** TASK BRIEF **
Write out word for word each line from the one containing "A dining table" through the close of the listing, including both ends. Pictures do not belong in the copy.

** PROVIDED MATERIAL **
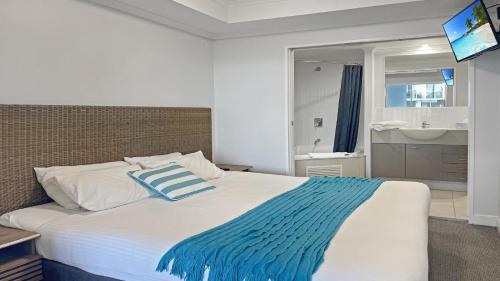 una camera da letto con un letto con una coperta blu e bianca di Ocean Jewel a Ettalong Beach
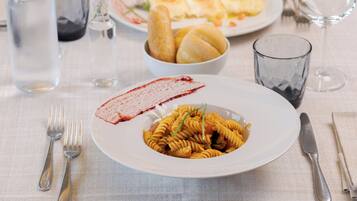 A dining table with a plate of pasta, a glass of water, and a bowl of bread rolls.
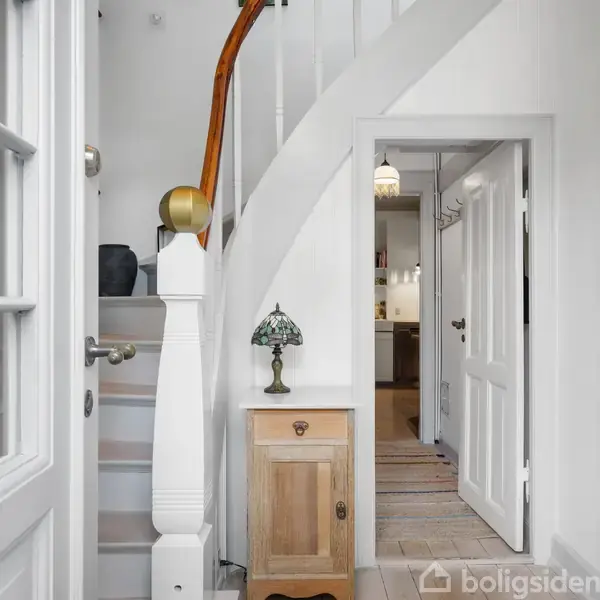 Trappeopgang med hvidmalede gelændere og trætrin; en lille kommode med en dekorativ lampe står ved siden af. Der ses en åbning mod et lyst andet rum med dør.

** RESPONSE FOR THIS EXERCISE **
 A dining table with a plate of pasta, a glass of water, and a bowl of bread rolls.
 Trappeopgang med hvidmalede gelændere og trætrin; en lille kommode med en dekorativ lampe står ved siden af. Der ses en åbning mod et lyst andet rum med dør.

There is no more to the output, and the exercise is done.